BRIEF
Pictures in the data should be dropped; transcribe exactly the lines from the one that has "Світлодіодний ручний ліхтарик" through the one that has "FIAT 500 1.2".

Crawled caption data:
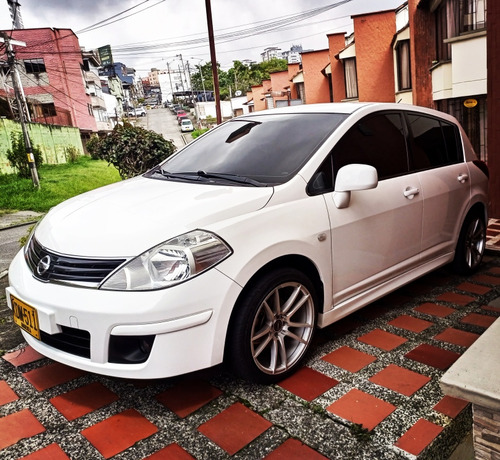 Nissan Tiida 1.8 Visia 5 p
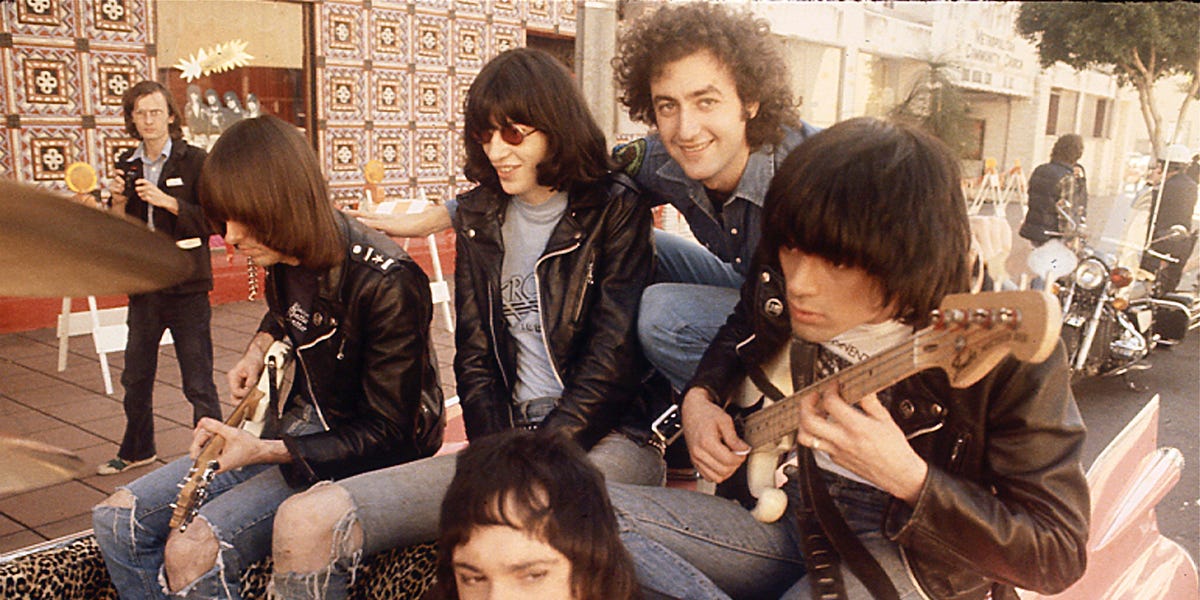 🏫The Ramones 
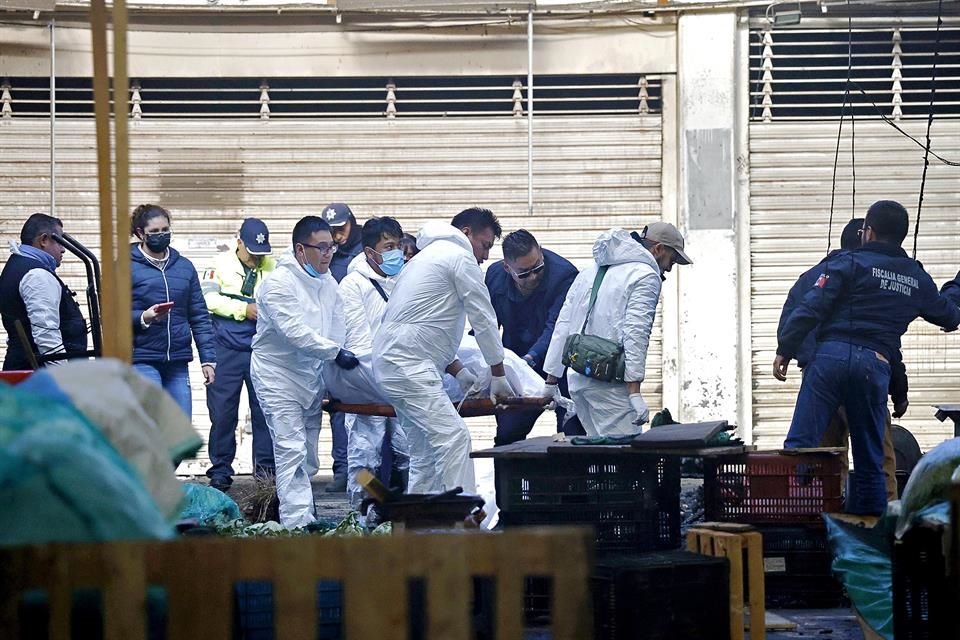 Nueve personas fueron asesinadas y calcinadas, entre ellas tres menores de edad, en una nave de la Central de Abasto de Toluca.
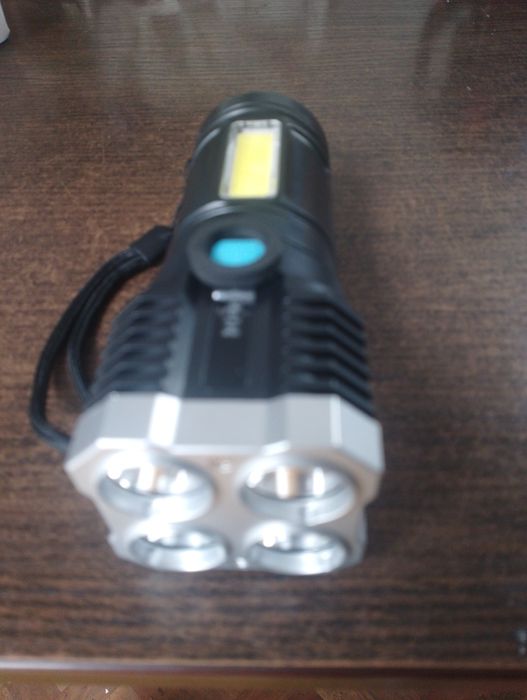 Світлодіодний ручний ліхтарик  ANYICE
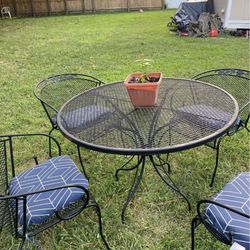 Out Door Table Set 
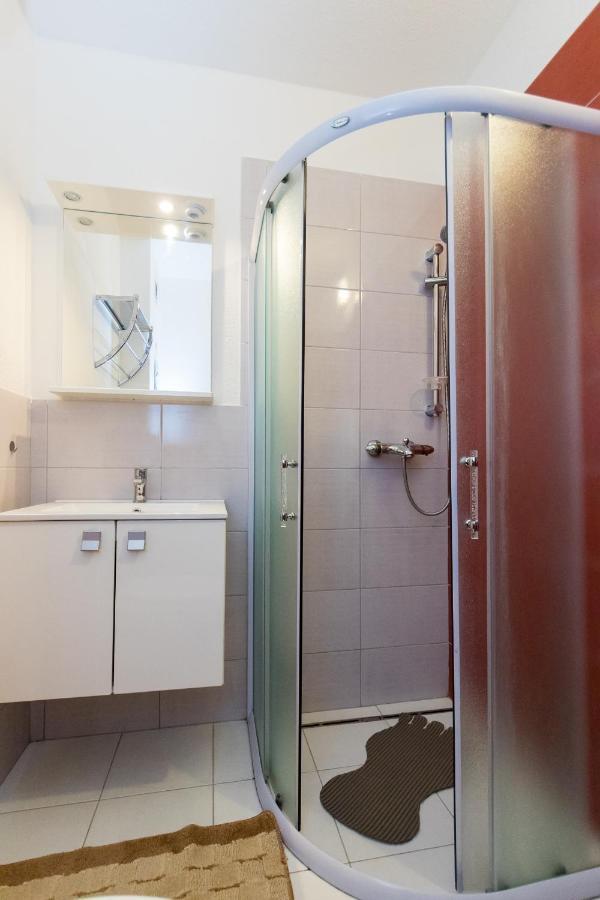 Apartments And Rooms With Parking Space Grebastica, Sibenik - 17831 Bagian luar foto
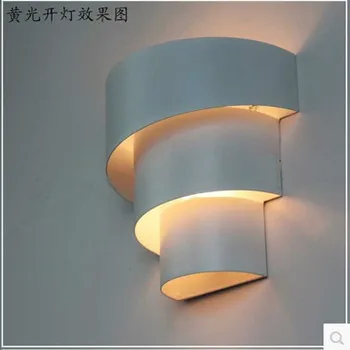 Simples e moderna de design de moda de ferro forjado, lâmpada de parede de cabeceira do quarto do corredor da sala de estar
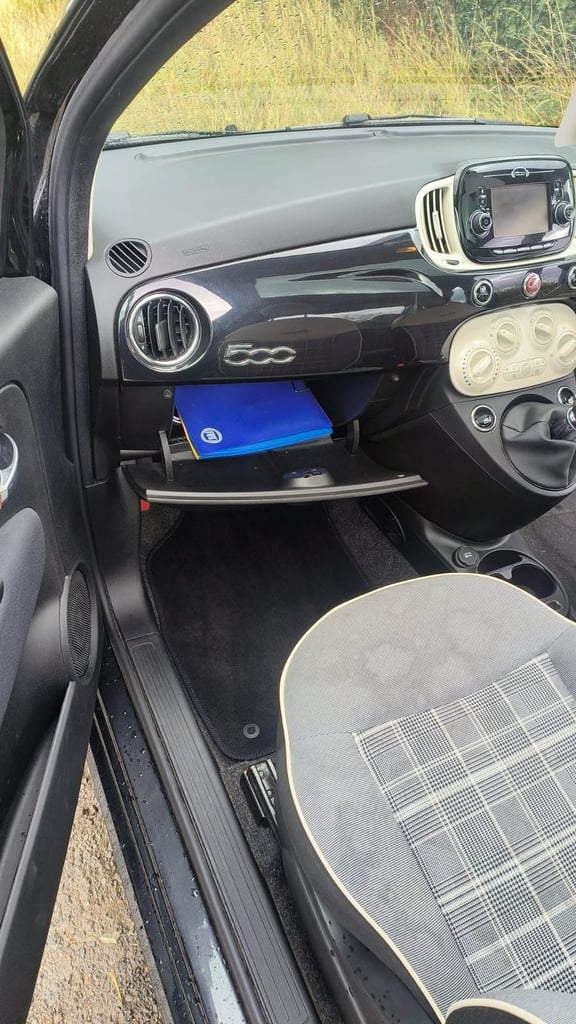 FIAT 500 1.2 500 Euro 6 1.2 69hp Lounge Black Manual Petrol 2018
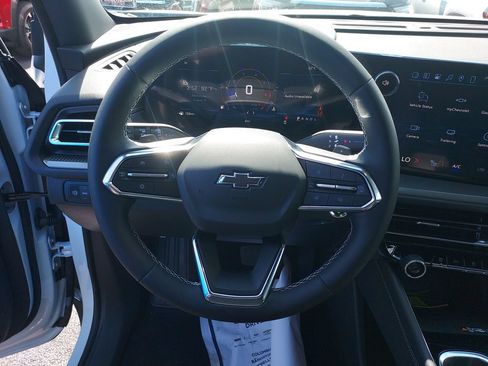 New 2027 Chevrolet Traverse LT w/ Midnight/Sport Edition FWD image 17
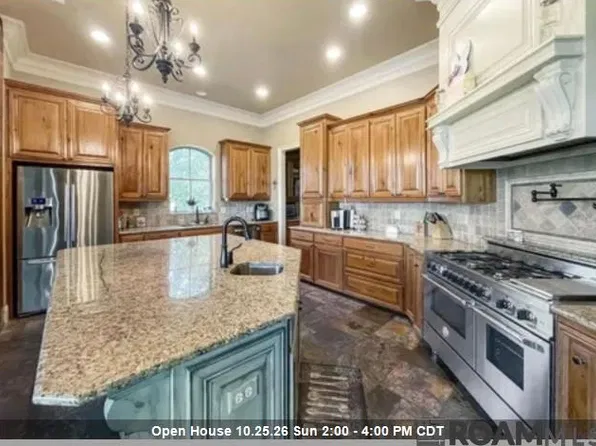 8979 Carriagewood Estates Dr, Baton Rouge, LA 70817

ANSWER BOX
 Світлодіодний ручний ліхтарик  ANYICE
 Out Door Table Set 
 Apartments And Rooms With Parking Space Grebastica, Sibenik - 17831 Bagian luar foto
 Simples e moderna de design de moda de ferro forjado, lâmpada de parede de cabeceira do quarto do corredor da sala de estar
 FIAT 500 1.2 500 Euro 6 1.2 69hp Lounge Black Manual Petrol 2018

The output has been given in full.